*TASK DIRECTIONS:* Ignoring every picture, return the lines of the listing below word for word, from the line that holds "first cherry flower" through the line that holds "Pathway in the".

*SUPPLIED INFORMATION:*
===

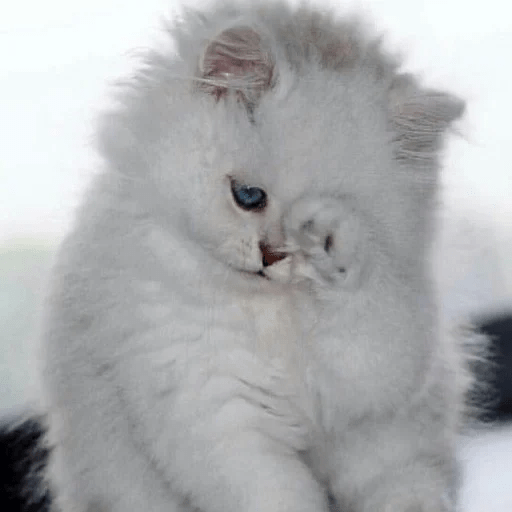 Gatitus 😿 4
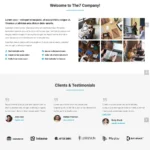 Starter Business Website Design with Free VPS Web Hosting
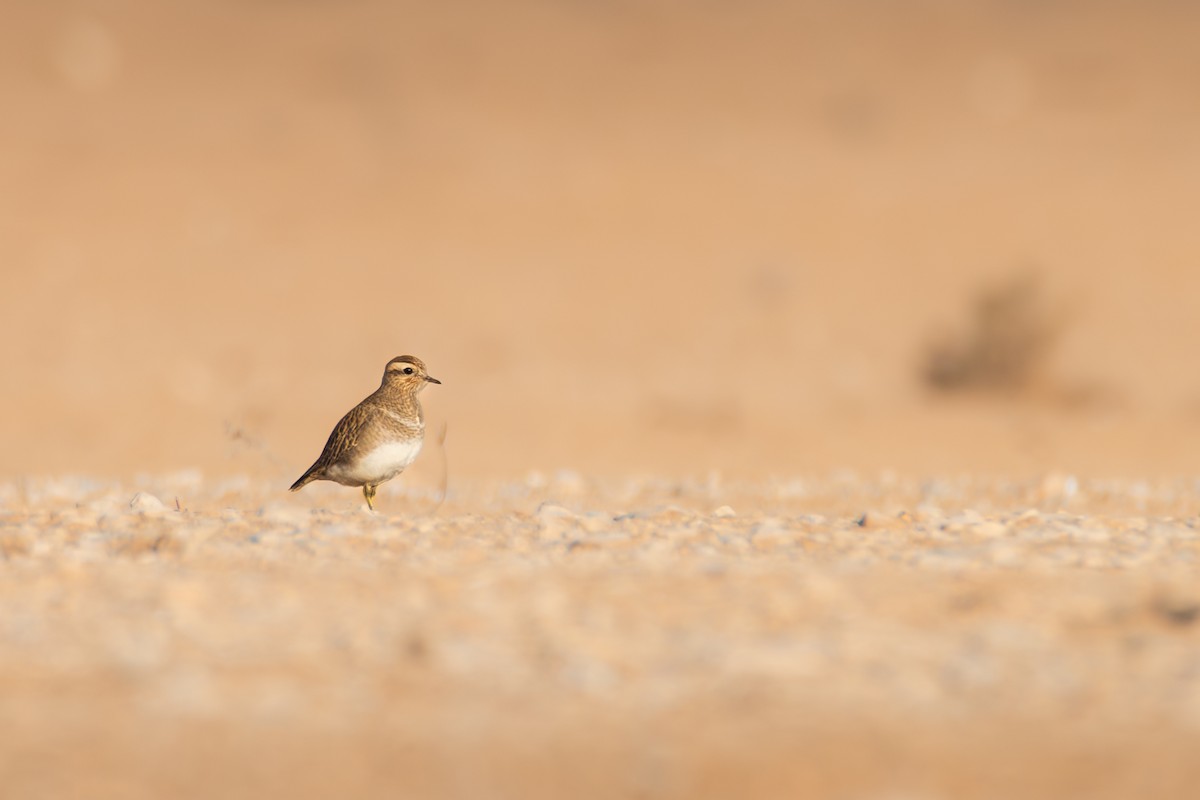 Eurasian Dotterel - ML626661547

===

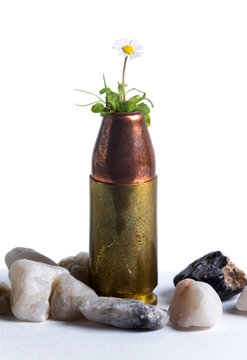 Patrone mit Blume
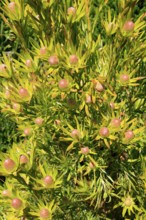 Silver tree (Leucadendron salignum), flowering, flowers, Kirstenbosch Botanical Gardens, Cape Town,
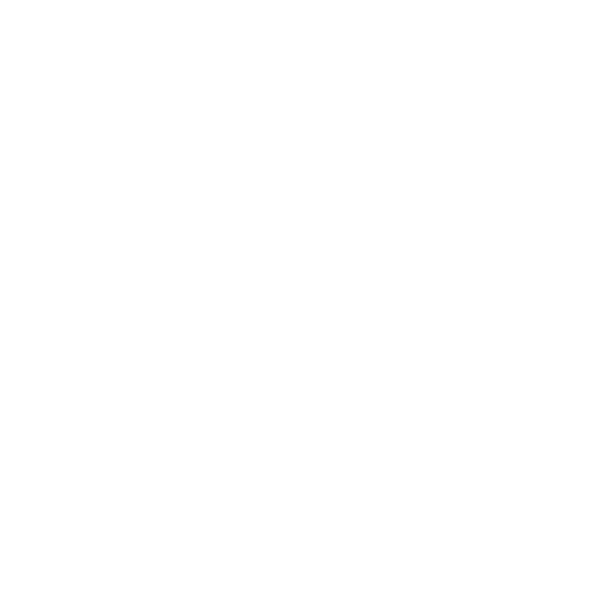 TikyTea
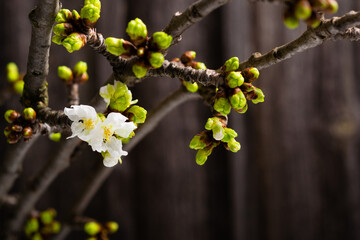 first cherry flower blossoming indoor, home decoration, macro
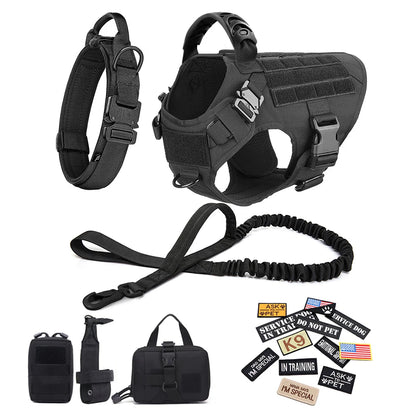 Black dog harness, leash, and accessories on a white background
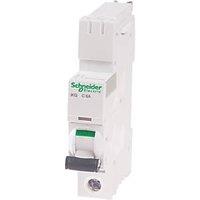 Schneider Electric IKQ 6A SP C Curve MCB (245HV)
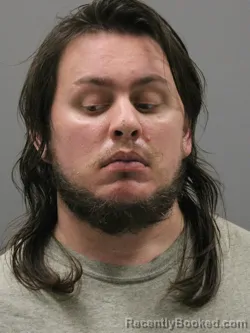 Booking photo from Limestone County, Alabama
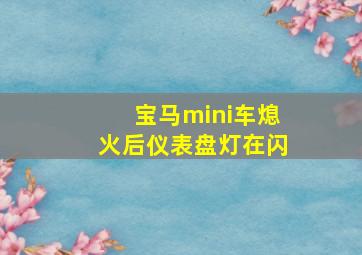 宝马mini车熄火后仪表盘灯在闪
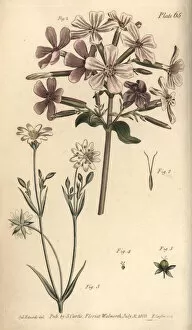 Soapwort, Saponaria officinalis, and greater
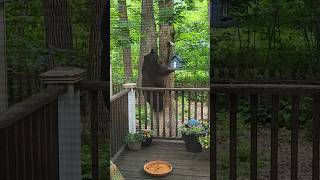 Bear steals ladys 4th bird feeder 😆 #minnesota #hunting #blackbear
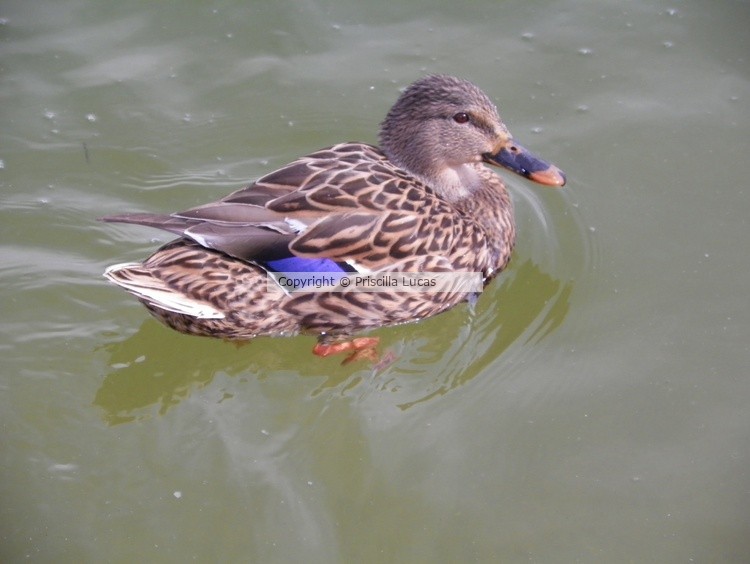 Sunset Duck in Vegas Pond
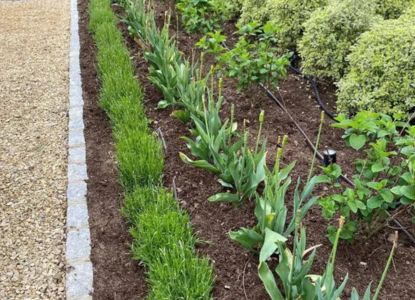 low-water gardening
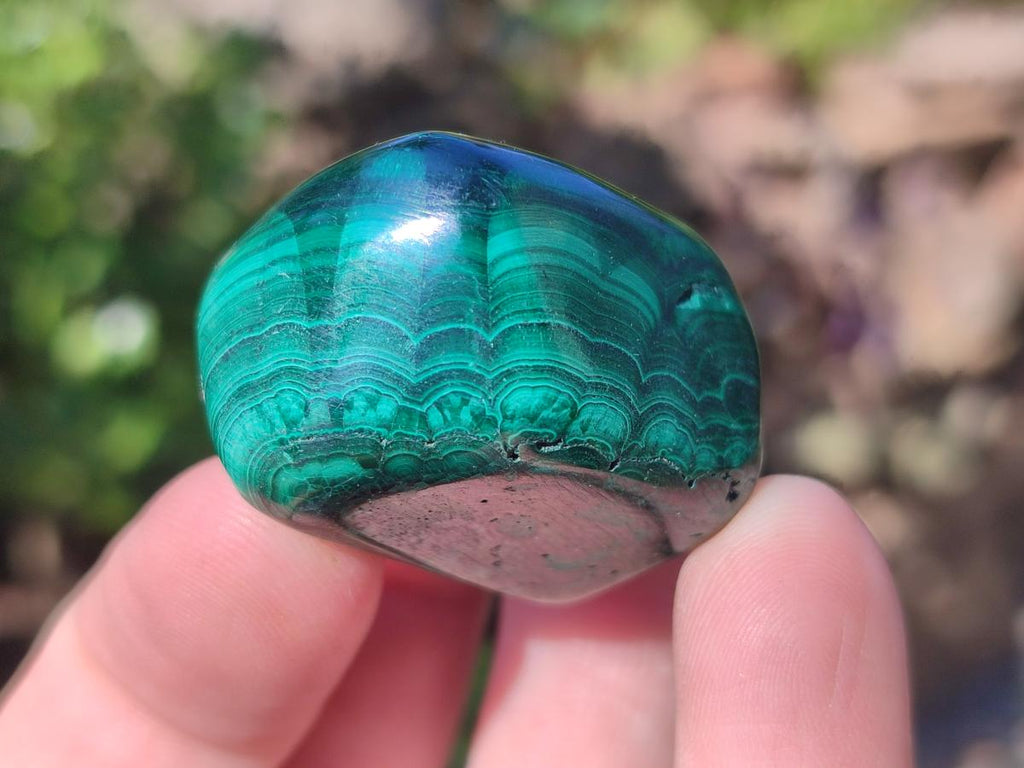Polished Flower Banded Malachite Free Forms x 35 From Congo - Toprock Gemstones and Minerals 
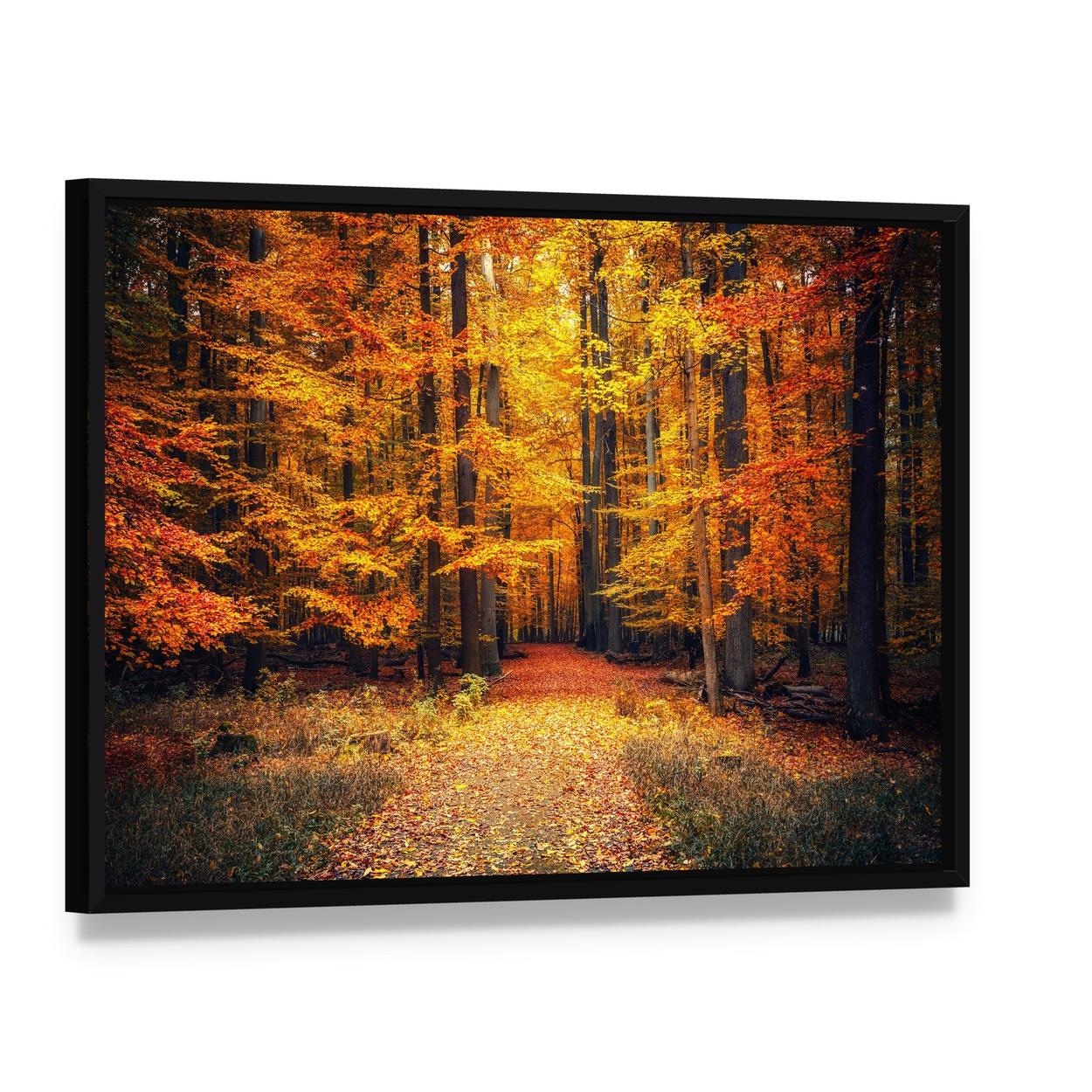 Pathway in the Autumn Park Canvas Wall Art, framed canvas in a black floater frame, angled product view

===

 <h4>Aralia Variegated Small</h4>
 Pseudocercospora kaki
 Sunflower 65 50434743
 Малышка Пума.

===

*RESULT OF THE EXERCISE:*
 first cherry flower blossoming indoor, home decoration, macro
 Black dog harness, leash, and accessories on a white background
 Schneider Electric IKQ 6A SP C Curve MCB (245HV)
 Booking photo from Limestone County, Alabama
 宝马mini车熄火后仪表盘灯在闪
 Soapwort, Saponaria officinalis, and greater
 Bear steals ladys 4th bird feeder 😆 #minnesota #hunting #blackbear
 Sunset Duck in Vegas Pond
 low-water gardening
Polished Flower Banded Malachite Free Forms x 35 From Congo - Toprock Gemstones and Minerals 
 Pathway in the Autumn Park Canvas Wall Art, framed canvas in a black floater frame, angled product view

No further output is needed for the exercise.